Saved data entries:

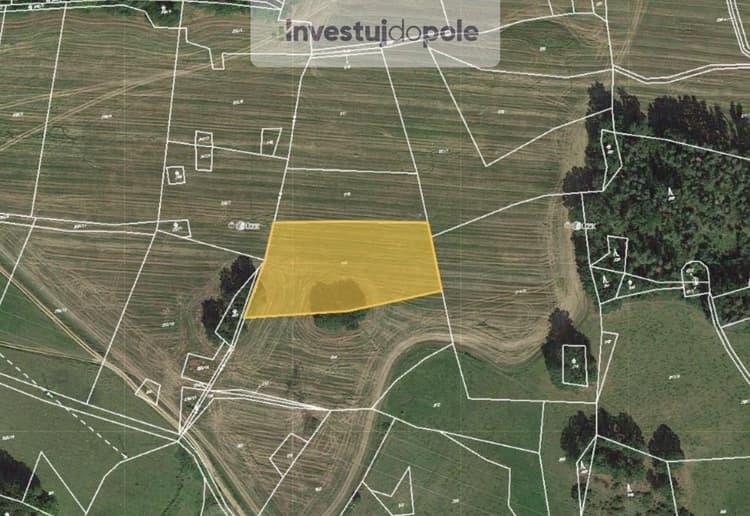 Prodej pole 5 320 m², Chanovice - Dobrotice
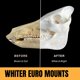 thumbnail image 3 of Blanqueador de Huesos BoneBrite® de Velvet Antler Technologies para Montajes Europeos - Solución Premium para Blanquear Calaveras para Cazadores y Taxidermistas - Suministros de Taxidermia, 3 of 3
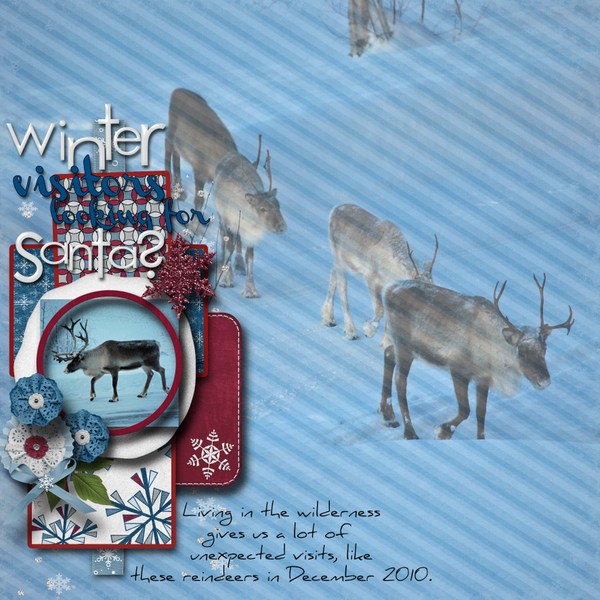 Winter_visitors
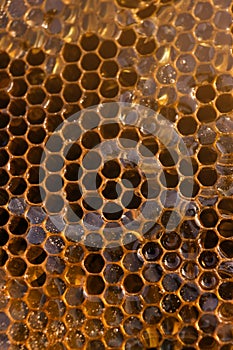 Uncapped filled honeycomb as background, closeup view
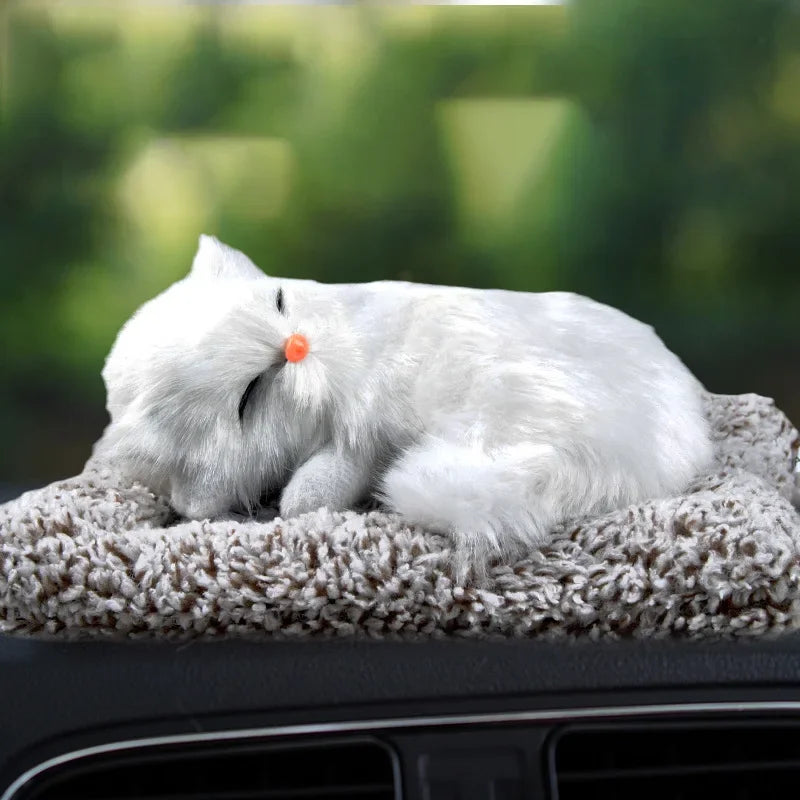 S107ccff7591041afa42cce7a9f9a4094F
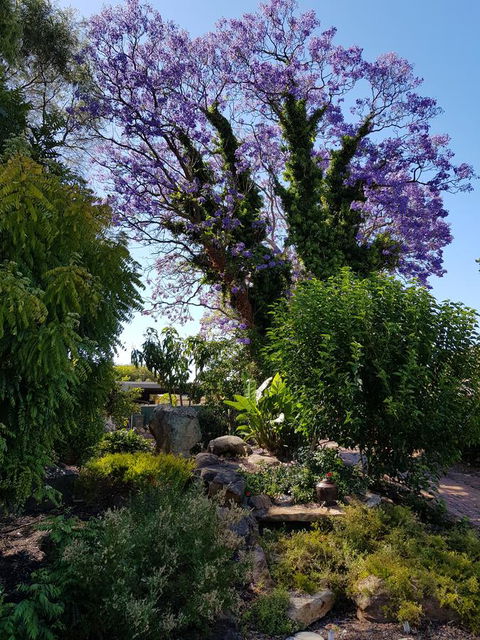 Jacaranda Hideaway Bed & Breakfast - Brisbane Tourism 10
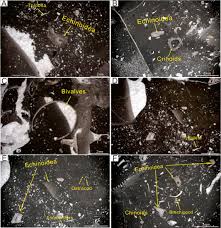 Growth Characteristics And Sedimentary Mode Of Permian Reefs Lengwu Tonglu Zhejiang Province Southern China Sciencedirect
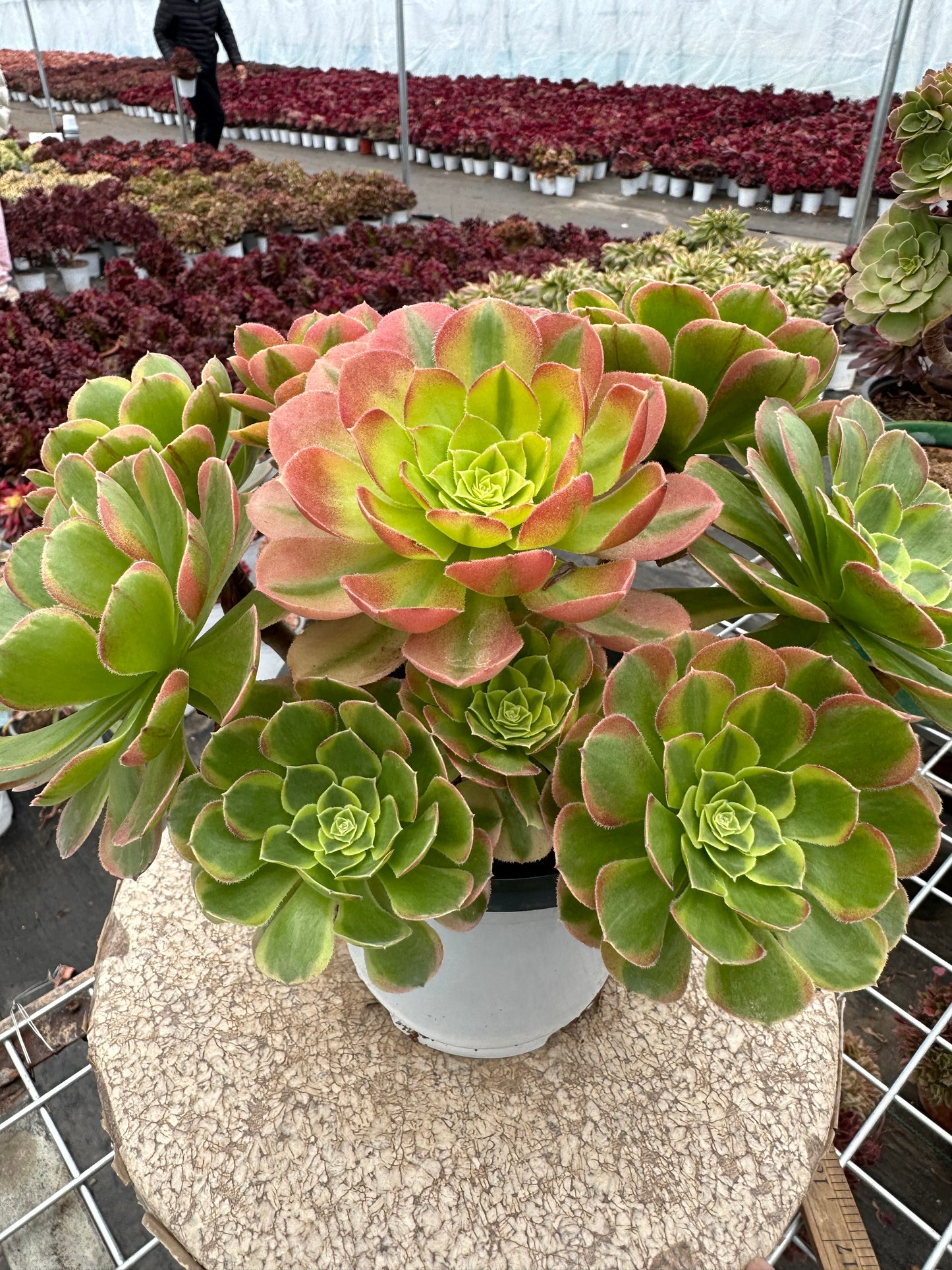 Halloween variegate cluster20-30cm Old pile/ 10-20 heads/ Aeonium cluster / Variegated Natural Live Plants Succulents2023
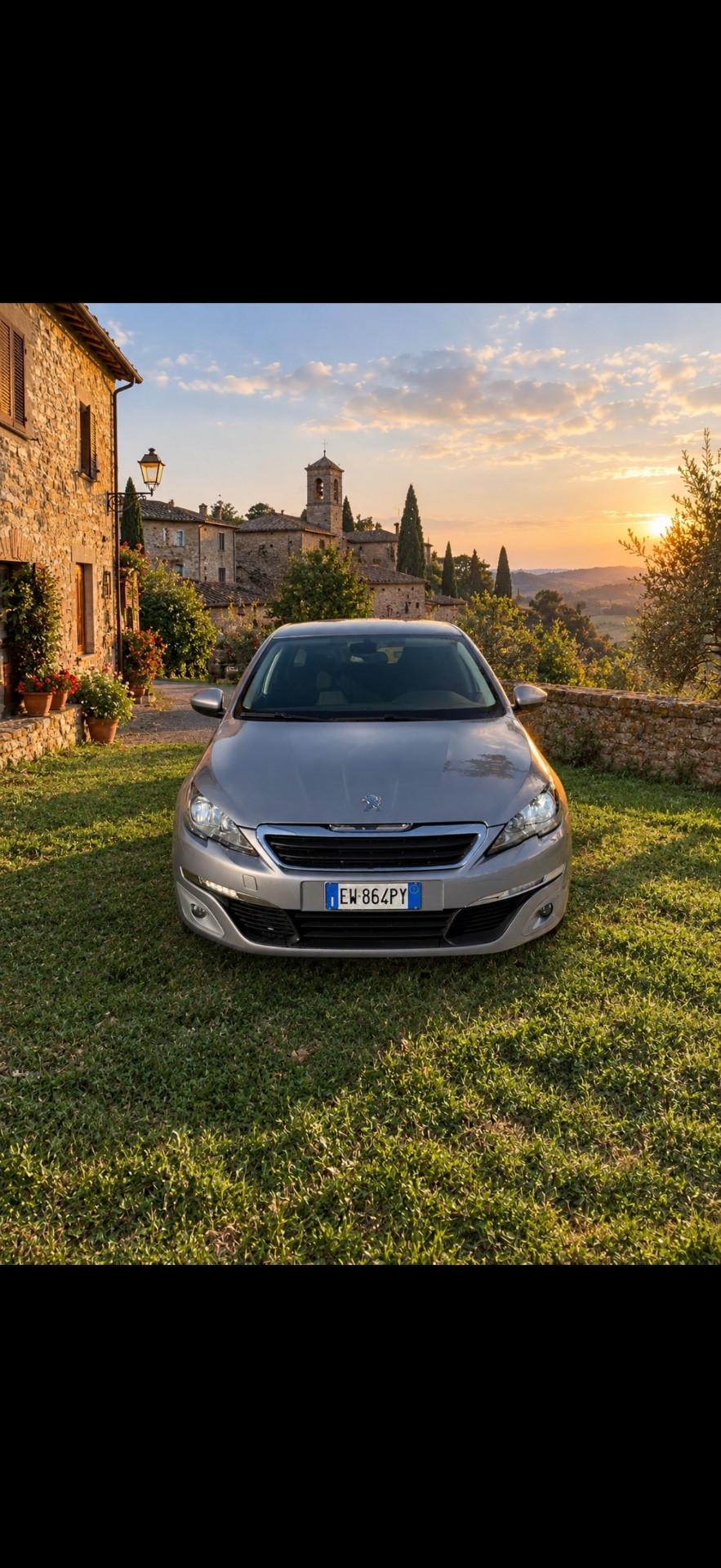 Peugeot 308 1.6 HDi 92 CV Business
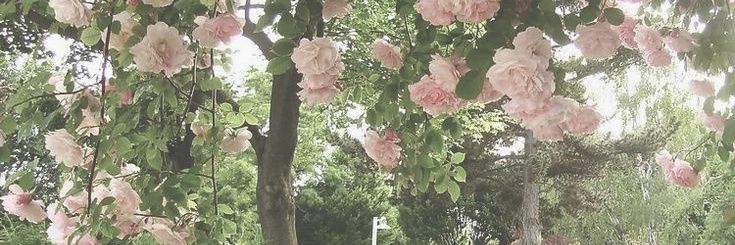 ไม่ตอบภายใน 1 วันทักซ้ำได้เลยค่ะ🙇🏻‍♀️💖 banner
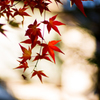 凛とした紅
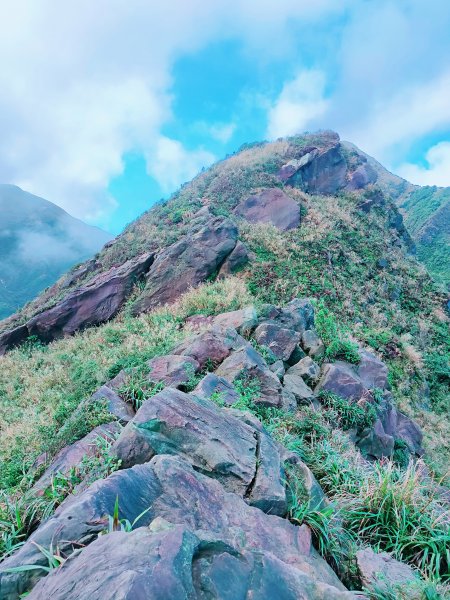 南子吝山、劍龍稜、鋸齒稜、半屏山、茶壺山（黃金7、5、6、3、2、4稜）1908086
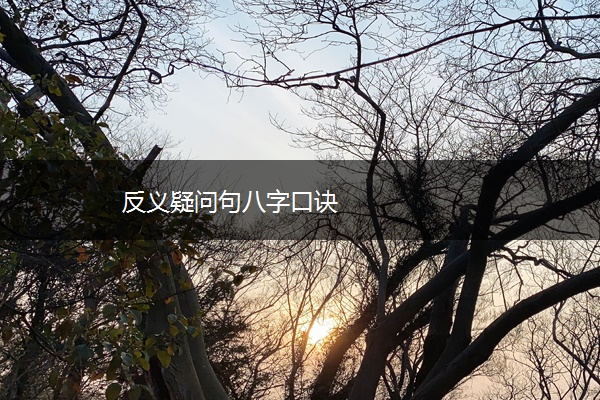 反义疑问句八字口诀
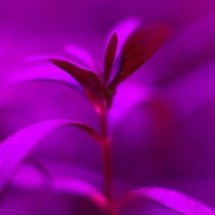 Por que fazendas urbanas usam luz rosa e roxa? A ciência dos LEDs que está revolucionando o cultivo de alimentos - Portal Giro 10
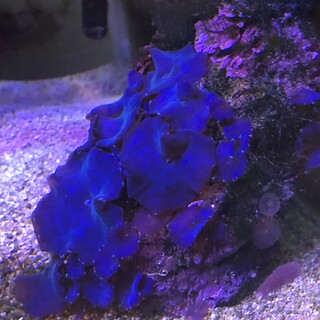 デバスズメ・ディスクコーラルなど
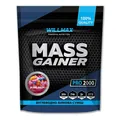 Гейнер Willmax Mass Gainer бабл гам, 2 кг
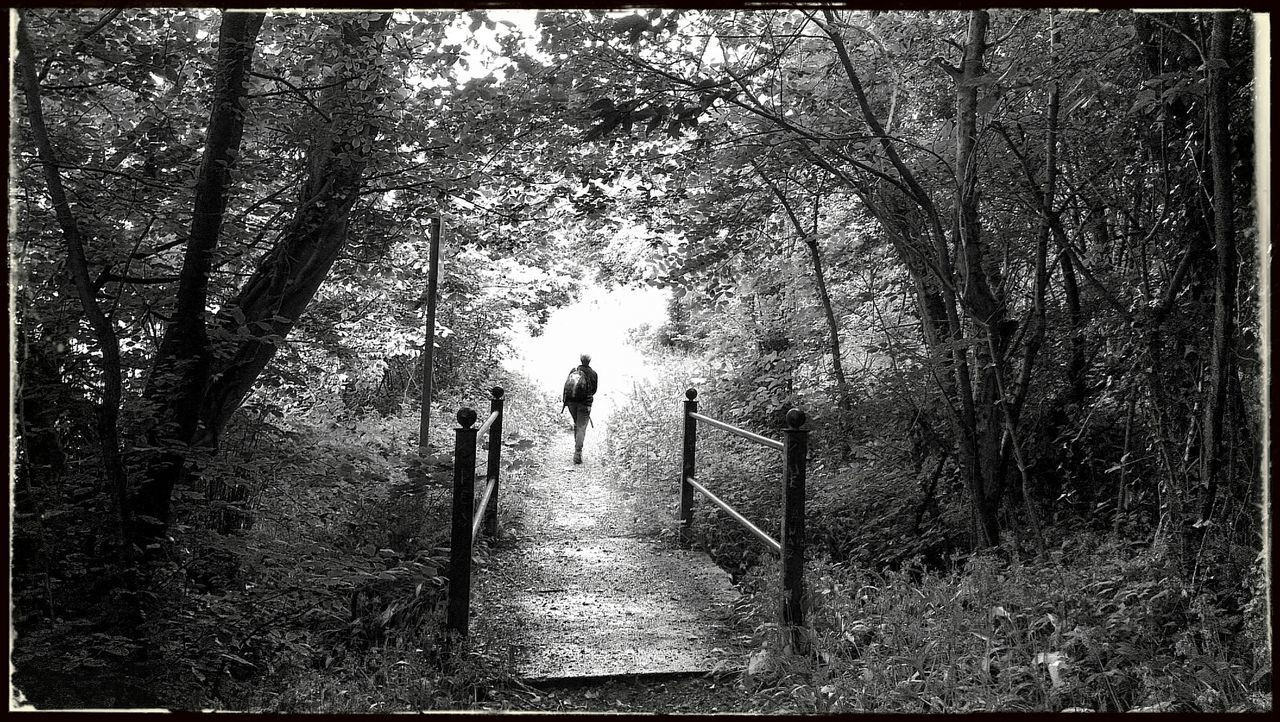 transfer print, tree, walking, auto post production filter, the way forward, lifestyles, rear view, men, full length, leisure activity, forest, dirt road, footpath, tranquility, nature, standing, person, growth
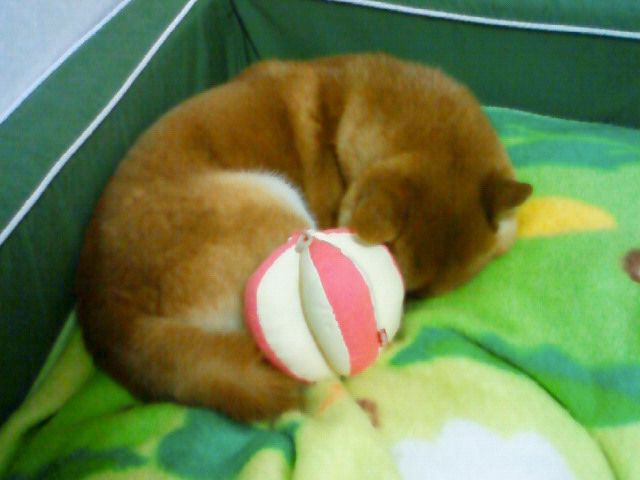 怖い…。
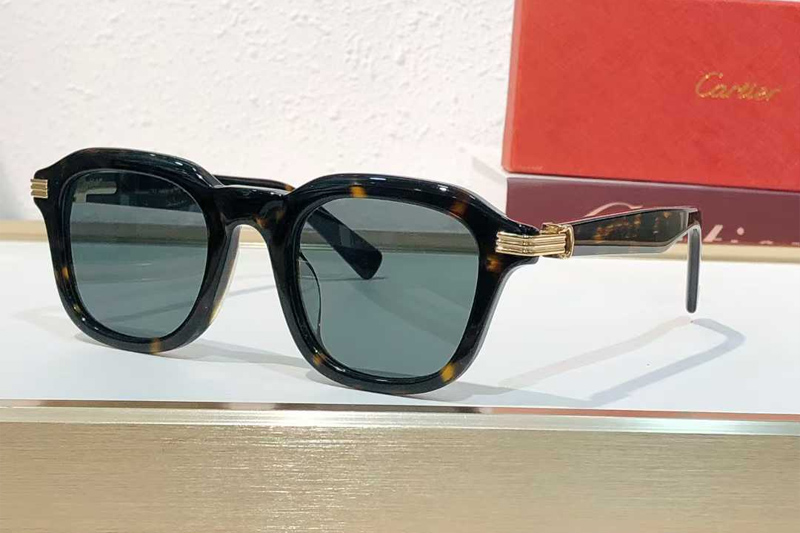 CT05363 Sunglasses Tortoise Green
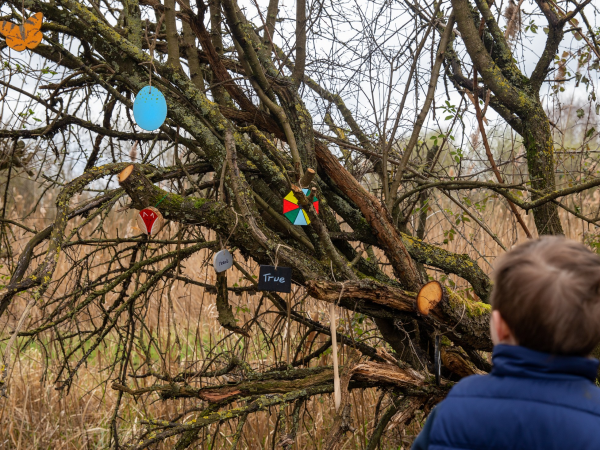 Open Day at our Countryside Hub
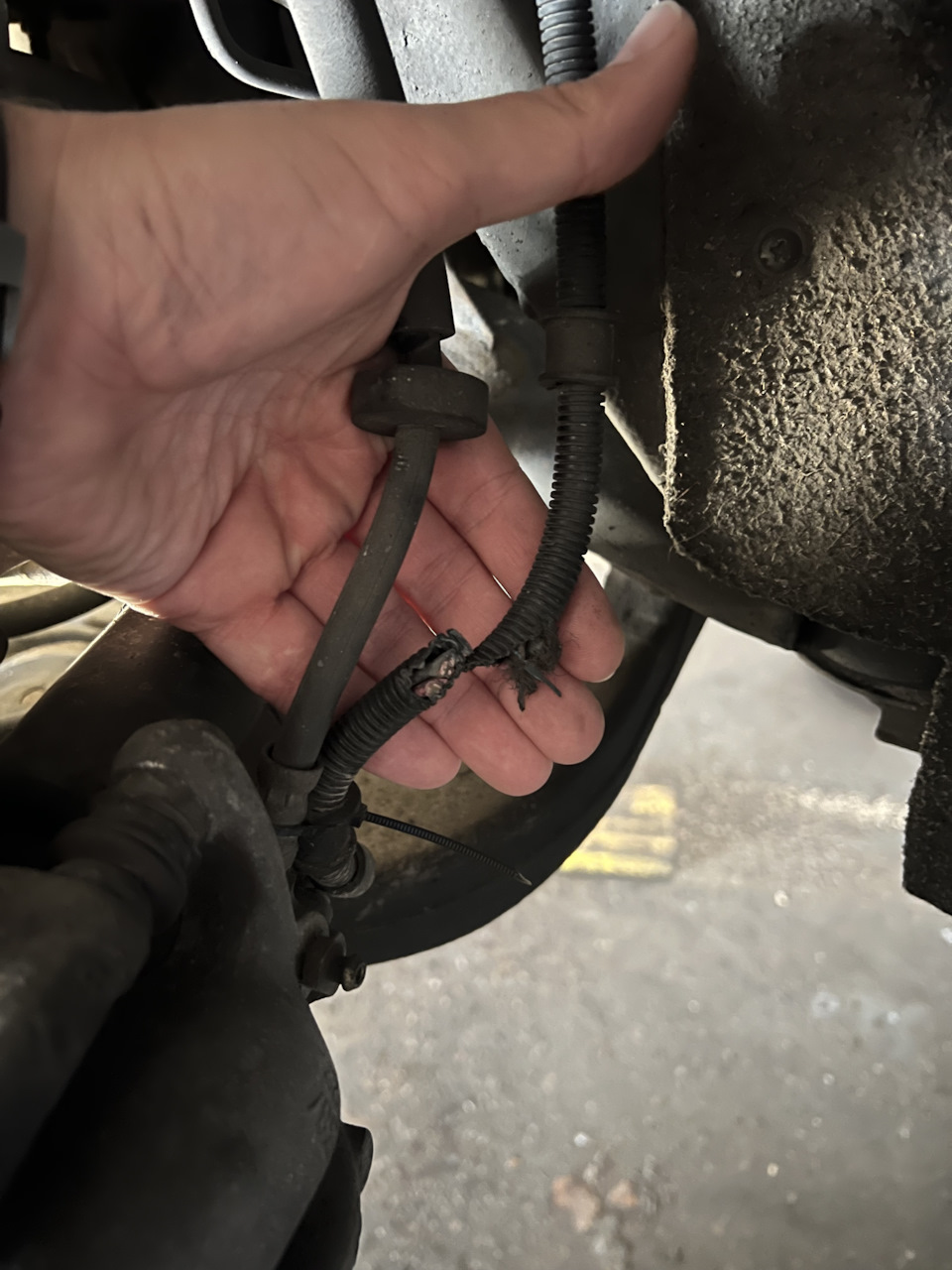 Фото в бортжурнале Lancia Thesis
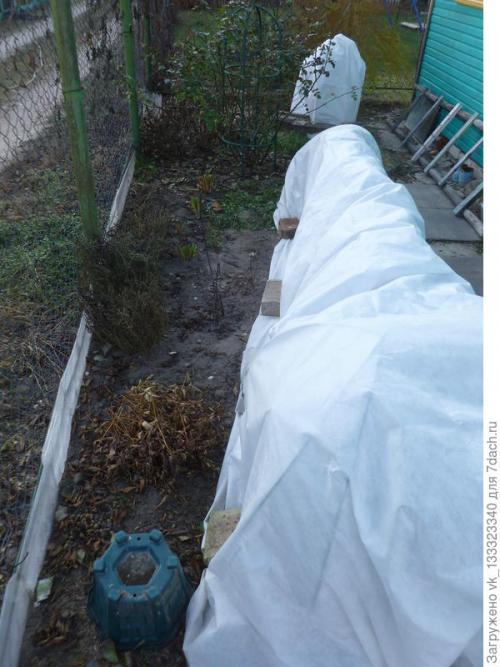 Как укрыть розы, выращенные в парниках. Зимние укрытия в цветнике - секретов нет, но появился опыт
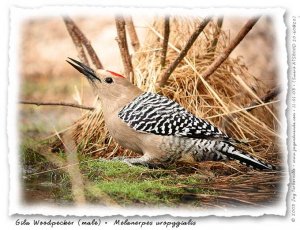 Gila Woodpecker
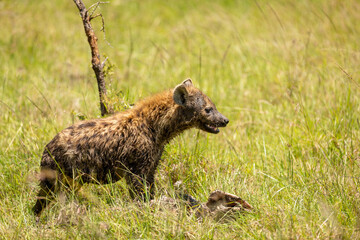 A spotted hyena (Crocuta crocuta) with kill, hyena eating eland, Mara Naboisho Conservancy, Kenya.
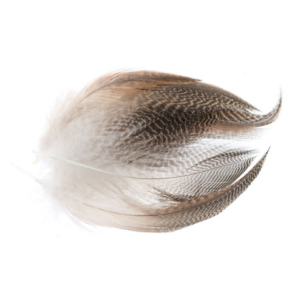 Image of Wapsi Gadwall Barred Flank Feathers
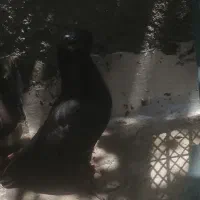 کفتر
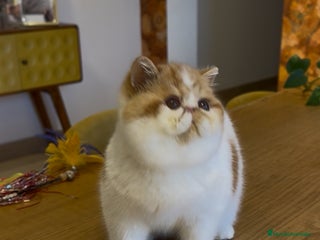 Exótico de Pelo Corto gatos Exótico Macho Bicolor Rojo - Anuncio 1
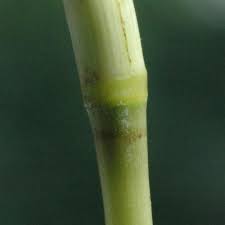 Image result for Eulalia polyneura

Exercise directions. Reproduce nothing but the lines running from the line with "デバスズメ・ディスクコーラルなど" through the end of the records, keeping both end lines and dropping the pictures.

Output of the exercise.
 デバスズメ・ディスクコーラルなど
 Гейнер Willmax Mass Gainer бабл гам, 2 кг
 transfer print, tree, walking, auto post production filter, the way forward, lifestyles, rear view, men, full length, leisure activity, forest, dirt road, footpath, tranquility, nature, standing, person, growth
 怖い…。
 CT05363 Sunglasses Tortoise Green
 Open Day at our Countryside Hub
 Фото в бортжурнале Lancia Thesis
 Как укрыть розы, выращенные в парниках. Зимние укрытия в цветнике - секретов нет, но появился опыт
 Gila Woodpecker
 A spotted hyena (Crocuta crocuta) with kill, hyena eating eland, Mara Naboisho Conservancy, Kenya.
 Image of Wapsi Gadwall Barred Flank Feathers
 کفتر
 Exótico de Pelo Corto gatos Exótico Macho Bicolor Rojo - Anuncio 1
 Image result for Eulalia polyneura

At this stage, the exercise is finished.